━━━━━ MATERIAL PROVIDED

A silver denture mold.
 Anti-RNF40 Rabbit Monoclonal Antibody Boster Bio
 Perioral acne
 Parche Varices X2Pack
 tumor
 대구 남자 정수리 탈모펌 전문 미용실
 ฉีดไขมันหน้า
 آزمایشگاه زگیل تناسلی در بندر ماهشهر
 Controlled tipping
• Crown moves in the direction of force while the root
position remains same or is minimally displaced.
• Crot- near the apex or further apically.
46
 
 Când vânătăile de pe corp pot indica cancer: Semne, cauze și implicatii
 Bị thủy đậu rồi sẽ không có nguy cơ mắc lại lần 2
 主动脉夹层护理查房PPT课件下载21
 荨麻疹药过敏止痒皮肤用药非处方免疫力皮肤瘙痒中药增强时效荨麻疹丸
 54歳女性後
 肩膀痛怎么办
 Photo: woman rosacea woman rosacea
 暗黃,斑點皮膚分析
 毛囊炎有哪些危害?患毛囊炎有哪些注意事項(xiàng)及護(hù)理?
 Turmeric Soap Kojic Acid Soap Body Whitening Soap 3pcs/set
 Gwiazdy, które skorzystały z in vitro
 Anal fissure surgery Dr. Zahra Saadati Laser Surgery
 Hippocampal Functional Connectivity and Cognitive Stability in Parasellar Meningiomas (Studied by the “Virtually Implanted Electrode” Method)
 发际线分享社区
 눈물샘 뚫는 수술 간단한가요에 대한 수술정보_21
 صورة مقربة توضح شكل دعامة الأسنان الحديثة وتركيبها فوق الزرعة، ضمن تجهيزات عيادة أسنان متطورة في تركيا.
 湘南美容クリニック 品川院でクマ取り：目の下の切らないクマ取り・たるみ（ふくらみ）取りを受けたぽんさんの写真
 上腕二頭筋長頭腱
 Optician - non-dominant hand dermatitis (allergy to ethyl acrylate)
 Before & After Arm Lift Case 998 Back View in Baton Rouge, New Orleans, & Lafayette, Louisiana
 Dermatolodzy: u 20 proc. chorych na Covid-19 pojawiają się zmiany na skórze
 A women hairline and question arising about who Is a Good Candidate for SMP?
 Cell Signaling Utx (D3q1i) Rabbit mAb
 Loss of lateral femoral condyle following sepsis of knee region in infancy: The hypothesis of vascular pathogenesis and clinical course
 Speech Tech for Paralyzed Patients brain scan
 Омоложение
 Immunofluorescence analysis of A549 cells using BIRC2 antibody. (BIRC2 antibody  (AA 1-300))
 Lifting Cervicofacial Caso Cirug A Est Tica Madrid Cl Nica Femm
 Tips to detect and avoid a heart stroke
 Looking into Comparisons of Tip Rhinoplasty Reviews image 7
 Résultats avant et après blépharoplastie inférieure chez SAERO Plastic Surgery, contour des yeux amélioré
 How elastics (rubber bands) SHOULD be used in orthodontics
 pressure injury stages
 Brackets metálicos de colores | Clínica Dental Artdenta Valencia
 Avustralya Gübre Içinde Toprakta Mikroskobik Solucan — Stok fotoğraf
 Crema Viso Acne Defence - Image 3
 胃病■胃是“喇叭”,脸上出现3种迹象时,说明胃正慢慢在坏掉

━━━━━━━━━━

WHAT IS REQUIRED> Find where the line with "毛囊炎有哪些危害?患毛囊炎有哪些注意事項(xiàng)及護(hù)理?" sits in the material above, then copy exactly from it through the line with "Cell Signaling Utx (D3q1i) Rabbit mAb". Add no other line.

SOLUTION TO THE PROBLEM>
 毛囊炎有哪些危害?患毛囊炎有哪些注意事項(xiàng)及護(hù)理?
 Turmeric Soap Kojic Acid Soap Body Whitening Soap 3pcs/set
 Gwiazdy, które skorzystały z in vitro
 Anal fissure surgery Dr. Zahra Saadati Laser Surgery
 Hippocampal Functional Connectivity and Cognitive Stability in Parasellar Meningiomas (Studied by the “Virtually Implanted Electrode” Method)
 发际线分享社区
 눈물샘 뚫는 수술 간단한가요에 대한 수술정보_21
 صورة مقربة توضح شكل دعامة الأسنان الحديثة وتركيبها فوق الزرعة، ضمن تجهيزات عيادة أسنان متطورة في تركيا.
 湘南美容クリニック 品川院でクマ取り：目の下の切らないクマ取り・たるみ（ふくらみ）取りを受けたぽんさんの写真
 上腕二頭筋長頭腱
 Optician - non-dominant hand dermatitis (allergy to ethyl acrylate)
 Before & After Arm Lift Case 998 Back View in Baton Rouge, New Orleans, & Lafayette, Louisiana
 Dermatolodzy: u 20 proc. chorych na Covid-19 pojawiają się zmiany na skórze
 A women hairline and question arising about who Is a Good Candidate for SMP?
 Cell Signaling Utx (D3q1i) Rabbit mAb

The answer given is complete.